Dougie's Enterprise Management World: April 2011

Data Interpolation

In some performance management systems, the fact that you may have nulls or failed polls in your data series draws consternation in some products. If you are missing data polls, the software doesn't seem to know what to do.

I think the important thing is to catch counter rollovers in instances where your data elements are counters. You want to catch a rollover in such a way as when you calculate the delta, you add up until the maximum counter value, then start adding again up to the new value. In effect you get a good delta in between two values. What you do not want is tainted counters that span more than one counter rollover.

If you take the delta value between a missed poll as in:

P1 500
P2 Missed
P3 1000

In smoothing, you can take the difference between P3 and P1 and divide that by half as a delta. Simply add this to P1 to produce P2 which produces a derived time series of:

P1 500
P2 750
P3 1000

In gauges, you may have to sample the elements around the missed data element and use an average to smooth over the missed data element.
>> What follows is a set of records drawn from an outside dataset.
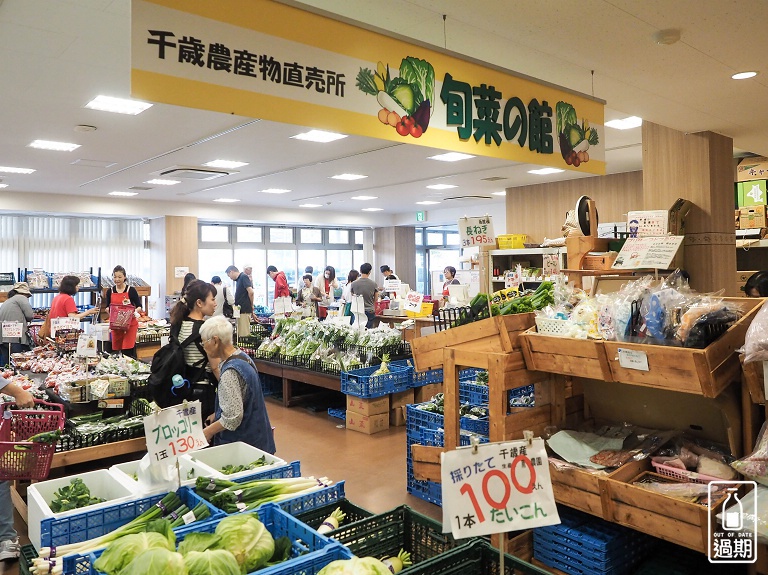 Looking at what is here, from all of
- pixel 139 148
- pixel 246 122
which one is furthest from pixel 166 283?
pixel 246 122

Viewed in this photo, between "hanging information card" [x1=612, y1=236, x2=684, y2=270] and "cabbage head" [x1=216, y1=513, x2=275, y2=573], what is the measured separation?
2882 millimetres

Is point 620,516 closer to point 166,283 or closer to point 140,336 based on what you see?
point 140,336

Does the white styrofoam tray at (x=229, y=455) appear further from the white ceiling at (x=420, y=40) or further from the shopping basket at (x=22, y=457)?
the white ceiling at (x=420, y=40)

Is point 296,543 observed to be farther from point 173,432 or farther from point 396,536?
point 173,432

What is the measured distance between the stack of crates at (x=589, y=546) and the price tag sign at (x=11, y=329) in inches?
257

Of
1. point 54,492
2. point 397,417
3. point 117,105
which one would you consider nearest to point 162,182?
point 117,105

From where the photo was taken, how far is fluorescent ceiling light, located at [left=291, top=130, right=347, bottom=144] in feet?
21.7

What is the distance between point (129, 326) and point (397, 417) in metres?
3.52

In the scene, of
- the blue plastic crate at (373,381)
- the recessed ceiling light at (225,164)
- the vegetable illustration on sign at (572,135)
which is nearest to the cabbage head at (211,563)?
the vegetable illustration on sign at (572,135)

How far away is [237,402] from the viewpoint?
3.19m

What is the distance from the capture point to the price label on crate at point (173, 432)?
228cm

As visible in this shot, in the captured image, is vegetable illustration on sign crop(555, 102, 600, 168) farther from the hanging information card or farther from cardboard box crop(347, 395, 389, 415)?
cardboard box crop(347, 395, 389, 415)

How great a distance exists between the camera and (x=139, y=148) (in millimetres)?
7207

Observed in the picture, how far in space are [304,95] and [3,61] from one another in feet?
10.1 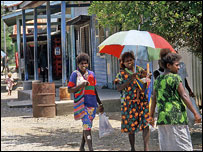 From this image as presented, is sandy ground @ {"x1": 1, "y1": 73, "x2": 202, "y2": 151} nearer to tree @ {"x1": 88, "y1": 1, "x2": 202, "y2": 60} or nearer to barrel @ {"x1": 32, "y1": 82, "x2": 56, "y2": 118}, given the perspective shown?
barrel @ {"x1": 32, "y1": 82, "x2": 56, "y2": 118}

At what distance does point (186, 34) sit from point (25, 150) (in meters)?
3.38

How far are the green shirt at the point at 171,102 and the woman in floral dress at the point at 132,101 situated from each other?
136 centimetres

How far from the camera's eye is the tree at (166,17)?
7.69m

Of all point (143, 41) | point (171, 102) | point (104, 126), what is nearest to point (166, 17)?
point (143, 41)

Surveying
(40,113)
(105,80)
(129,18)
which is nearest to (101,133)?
(129,18)

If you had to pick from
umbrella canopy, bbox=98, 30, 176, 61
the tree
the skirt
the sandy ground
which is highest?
the tree

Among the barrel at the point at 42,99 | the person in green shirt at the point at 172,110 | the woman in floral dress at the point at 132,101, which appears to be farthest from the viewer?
the barrel at the point at 42,99

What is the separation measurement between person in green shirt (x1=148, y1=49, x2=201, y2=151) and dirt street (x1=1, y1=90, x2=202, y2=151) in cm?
203

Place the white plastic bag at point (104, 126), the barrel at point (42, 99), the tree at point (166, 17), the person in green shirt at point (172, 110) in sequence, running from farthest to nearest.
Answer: the barrel at point (42, 99) → the tree at point (166, 17) → the white plastic bag at point (104, 126) → the person in green shirt at point (172, 110)

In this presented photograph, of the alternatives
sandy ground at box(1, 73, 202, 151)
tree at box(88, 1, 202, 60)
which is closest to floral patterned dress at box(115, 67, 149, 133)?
sandy ground at box(1, 73, 202, 151)

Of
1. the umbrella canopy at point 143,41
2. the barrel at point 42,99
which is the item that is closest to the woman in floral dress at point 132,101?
the umbrella canopy at point 143,41

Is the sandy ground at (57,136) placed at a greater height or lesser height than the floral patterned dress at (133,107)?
lesser

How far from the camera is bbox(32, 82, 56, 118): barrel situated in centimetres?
1239

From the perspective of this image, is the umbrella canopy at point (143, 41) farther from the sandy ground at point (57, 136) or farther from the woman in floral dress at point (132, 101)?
the sandy ground at point (57, 136) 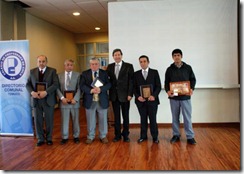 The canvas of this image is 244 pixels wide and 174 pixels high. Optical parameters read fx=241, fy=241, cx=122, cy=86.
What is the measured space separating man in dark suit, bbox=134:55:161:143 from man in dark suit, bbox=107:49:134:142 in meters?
0.14

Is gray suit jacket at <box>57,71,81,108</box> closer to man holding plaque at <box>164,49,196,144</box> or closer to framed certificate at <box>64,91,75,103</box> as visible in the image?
framed certificate at <box>64,91,75,103</box>

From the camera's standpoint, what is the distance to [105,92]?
4.05 m

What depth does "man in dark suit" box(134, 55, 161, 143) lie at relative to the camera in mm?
3979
Truth be known, I don't see why a graphing engine cannot connect from P1 to P4 without the interpolation! It would make graphs much simpler and more rich - If you don't see a data point on the time slot, guess it didn't happen! In the smoothing scenario, you cannot tell where the smoothing is.

Availability

In my own thoughts, I view availability as a discreet event in time or a state over a time period. Both have valid uses but need to presented in the context that they are borne so that users do not get confused. For example, an ICMP ping that occurs every 5 minutes is a discreet event in time. Here is an example time series of pings:

P1 Good
P2 Good
P3 Fail
P4 Good
P5 Fail
P6 Good
P7 Good
P8 Good
P9 Good
P10 Good

This time series denotes ping failures at P3 and P5 intervals. In theory, a line graph is not appropriate for this instance because it is boolean and it is discreet and not representative of the entire time period. If P0 is equal to 1303088400 on the local poller and the sysUptime value at P0 is 2500000, then the following SNMP polls yield:

Period Poller uTime SysUptime
P0   1303088400 2500000
P1 1303088700 2503000
P2   1303089000 2506000
P3   1303089300 2509000
P4   1303089600 2512000
P5 1303089900 20000
P6 1303090200 50000
P7 1303090500 80000
P8   1303090800 110000
P9 1303091100 5000
P10   1303091400 35000

utime is the number of seconds since January 1, 1970 and as such, it increments every second. SysUptime is the number of Clock ticks since the management system reinitialized. When you look hard at the TimeTicks data type, it is a modulo-s counter of the number of 1/100ths of a second for a given time epoch period. This integer will roll over at the value of 4294967296 or approximately every 49.7 days.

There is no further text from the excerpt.